### 1. Depthwise Convolution
---
**Equation:**

$$
y_i = \sum_{j \in \mathcal{L}(i)} W_{i-j} \odot X_j
$$

- **Explanation:**
    - In depthwise convolution, we apply a kernel $W$ to a local neighborhood $\mathcal{L}(i)$ of pixel $i$. The kernel weights $W_{i-j}$ are multiplied with the corresponding pixel values $X_j$ in this neighborhood.
    - This means each pixel $i$ gathers information only from its nearby pixels defined by the size of the kernel (e.g., 3x3, 5x5).

- **Receptive field:**
    - The receptive field is **local**, determined by the kernel size.

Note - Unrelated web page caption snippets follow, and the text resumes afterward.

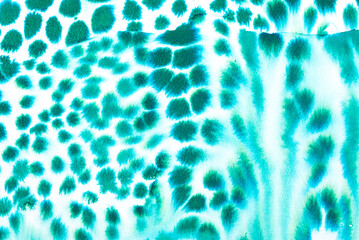 abstrakter Aquarellhintergrund mit grünen Tupfern wie ein Leopardenmuster

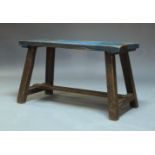 A rustic oak work bench, early to mid 20th Century, the rectangular top on square section supports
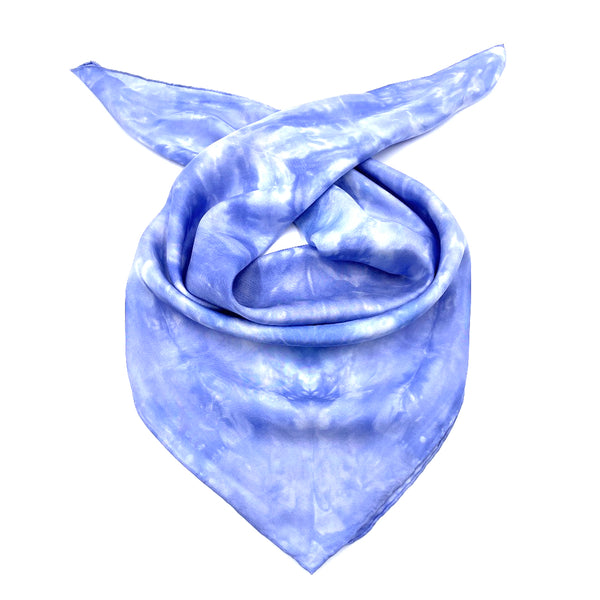 Periwinkle blue luxury silk bandana scarf in geometric shibori pattern, sustainable wear with many style looks. Best fashion accessory for any season or occasion. Makes a great gift. Handmade one of a kind artisan accessories. Square shaped 28 inches by 28 inches.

This limits the information gathering to small neighborhoods of pixels.
    - For a K × K kernel, each output pixel in the feature map has a receptive field of K × K in the input image.
    - Increasing the filter size K directly increases the receptive field, allowing the model to capture larger local patterns. Conversely, reducing K decreases the receptive field, focusing on smaller details.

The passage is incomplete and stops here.